I get that it SUCKS when it spams on new. But give some understanding to all the people trying to start from nothing on lemmy right now so that we can have a thriving community over here (and not all go back to reddit in boredom).
Not a huge fan, but I understand the thinking.
My issue with it, is let’s say there’s a self post and I respond to it. Knowing it’s a bot post, I still want to contribute to the community, but I know I’m unlikely to get a response. It’s possible it could start a conversation here though.
I get its a way to fill the communities with content, but it feels like a half baked attempt. Or an inflation of interactions.
Not sure the right route in these early days though.
I feel like it can be done for certain things that don’t require interaction from the OP (news content, daily threads, idk) but it feels useless for some others (Questions, etc.) because there’s just no point in answering them and the chance that it starts a discussion is relatively small.
One of things I like about Lemmy is that you can create a link post and still include text and subsequent links. Even with news articles I do like when people add additional text whether it’s why they’re posting it, a quote/TLDR, or additional links.
That might be because it gives me the impression it’s less likely to be clickbait though.
undefined> One of things I like about Lemmy is that you can create a link post and still include text and subsequent links.
yeah that I really like as well. I can like an image that provides content to the community, but also still talk in the op rather than having to say “more info in comments” or something stupid like that.

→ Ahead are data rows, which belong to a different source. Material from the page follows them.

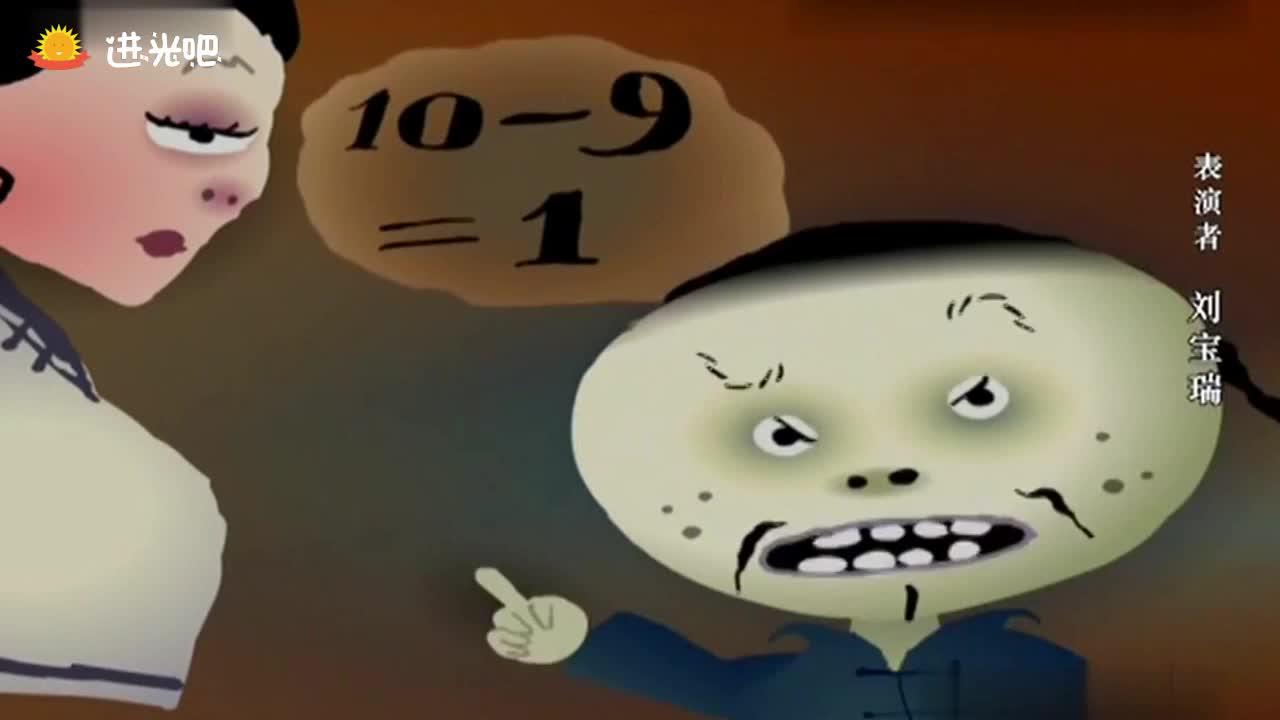 单口相声《黄半仙》中 刘宝瑞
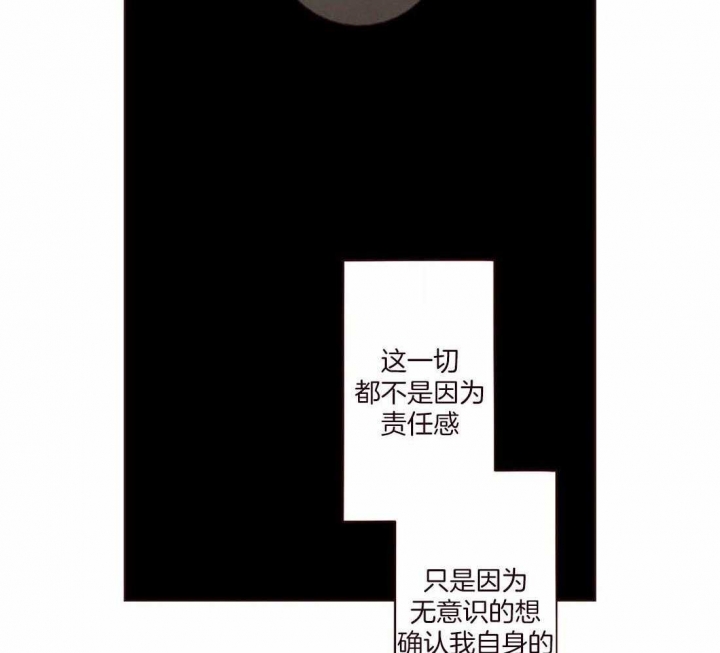 《鬼怪》漫画最新章节第109话免费下拉式在线观看章节第【41】张图片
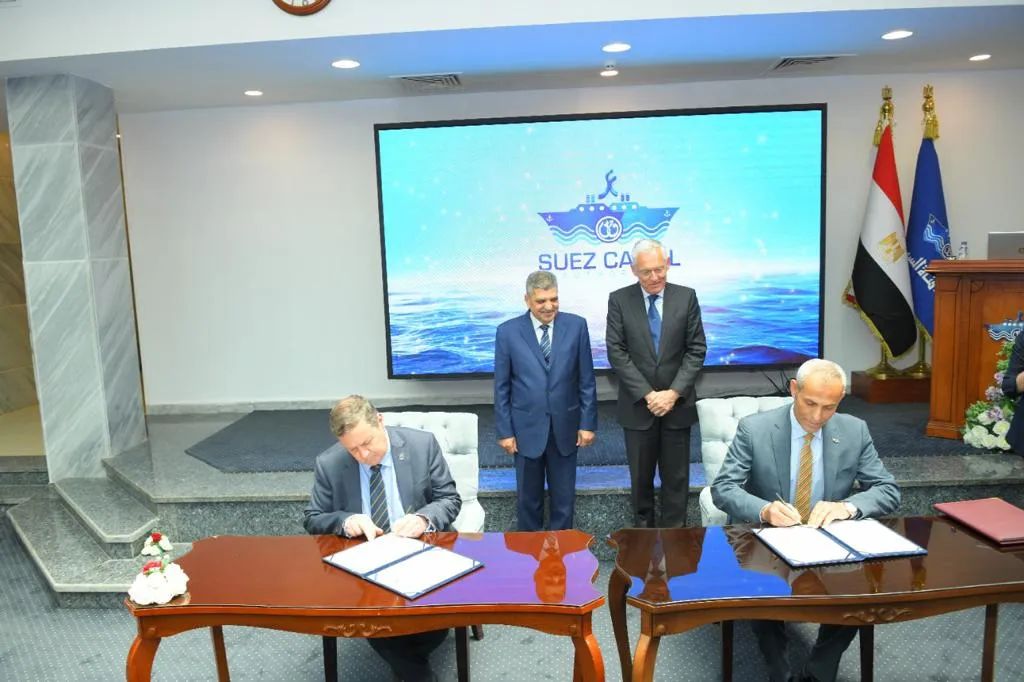 ICS出面！蘇伊士運河通行費有得談了?。? data-filename=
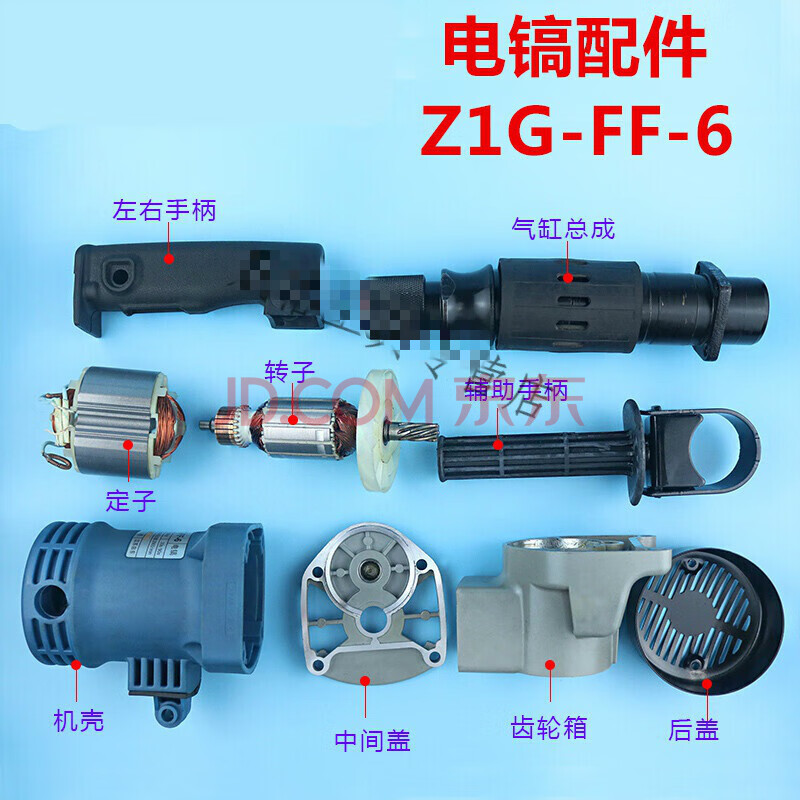 电镐z1g-ff-6配件 转子定子活塞开关齿轮气缸配牧田0810 转子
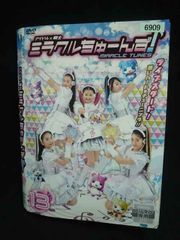 アイドル戦士ミラクルちゅーんず♪ DVD 全13巻 全巻セット レンタル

I have commented on a few of them, and it just feel super empty.
Wouldn’t that be stealing?
They are crediting the original posts.
I’m probably just a loon and making a mountain out of a molehill, but this type of automation bothers me. Whoever sets it up can easily script with bias to filter out content they personally disagree with. I understand humans do this naturally without botting, but making it automated changes the speed and reach to a degree I’m not comfortable engaging with.
I think that’s a bad idea. The bots will post al lot of posts but the community here won’t be big enough to have many comments on the posts. Essentially it will turn this forum into an empty wasteland.
0 out of 10. Wouldn’t recommend.
I like the community for the interaction and not the bare content. Cross-post from Reddit just makes me not to comment because I don’t want to talk to a bot.
I’m not a fan, because I don’t want a Reddit 2.0. Reddit is still there if you want it, though. I wanna see what this will become. I like it so far, I don’t think it needs help in that way.
Unpopular opinion: I think it’s a good idea. Fediverse needs two things right now, content and a solid and easy to use UI. Without those it’ll never pull people over from the already established communities. So temporarily I think yes more content is good even if it’s copied over
Yes on the UI. I use kbin primarily. It has a decent UI to start with. However, I tried Lenny’s UI and it definitely needs work. Stuff loads in from the top of the page while you are scrolling down to see the content, making it hard to navigate. It needs a facelift.